How does compcache differ in concept from, say:

> - use mtdram driver to make a MTD device out of ram

mtdram driver simply simulates MTD device in ram - no compression and no memory management (it simply preallocates all the memory). Also, there are unnecessary overheads involved -- simulate erasing eraseblock and such.

> - use jffs2 with compression enabled on the new mtd device
> - put a swapfile on that filesystem and swap to it

Base for this indirection hierarchy is the in-ram mtd device which has problems mentioned above. Also, as amikims pointed out, additional levels of indirection means more overhead.

Compcache: in-memory compressed swapping

Posted Jun 12, 2009 19:10 UTC (Fri) by bluefoxicy (guest, #25366) [Link]

I've tried using the device mapper.
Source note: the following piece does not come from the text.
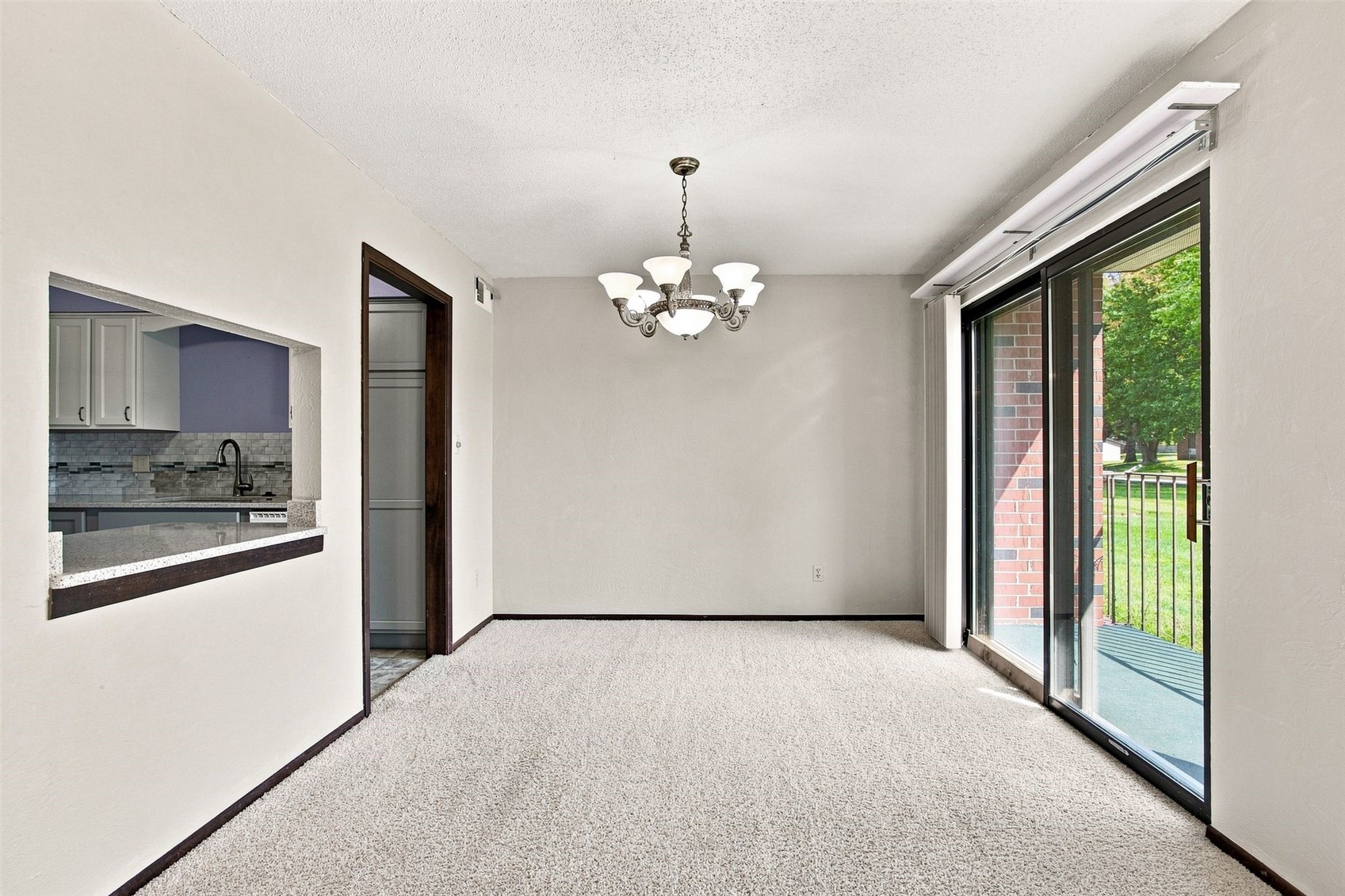 5711 Golden Court NE Cedar Rapids IA 52402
It tends to deadlock if you try to device map a file on a tmpfs and create swap partitions on it.

compcache and vm_deadlock for thin client stability

Posted Jun 6, 2009 19:19 UTC (Sat) by gvy (guest, #11981) [Link]

Thanks for both this article and compcache of course!

It (and vm_deadlock patches by Peter Zijlstra) saved me and colleagues quite a lot of frustration while eatin' our own dog food, that is working on thin clients with 64M RAM.

Hope #ltsp folks did get around to integration on TCs (the article mentions installer but the culprit with school terminal networks is usually the client not the server), at least we did "sell" both patches to them back then. :)

So thanks again, it was nice to communicate with you and it is nice to read up on current developments either.

Compcache: in-memory compressed swapping

Posted Jun 7, 2009 12:41 UTC (Sun) by seeg (guest, #58966) [Link]

Does this mean that Windows would run faster because of more memory under Linux hypervising?

Compcache: in-memory compressed swapping

Posted Jun 14, 2009 20:04 UTC (Sun) by alankila (guest, #47141) [Link]

An amazing piece of technology. This makes my 128 MB laptop suddenly usable for more than single task at a time. Kudos.

Compcache: in-memory compressed swapping

Posted Jun 25, 2009 11:38 UTC (Thu) by phil42 (guest, #5175) [Link]

Do you get a free memory test as part of the compression/decompression process?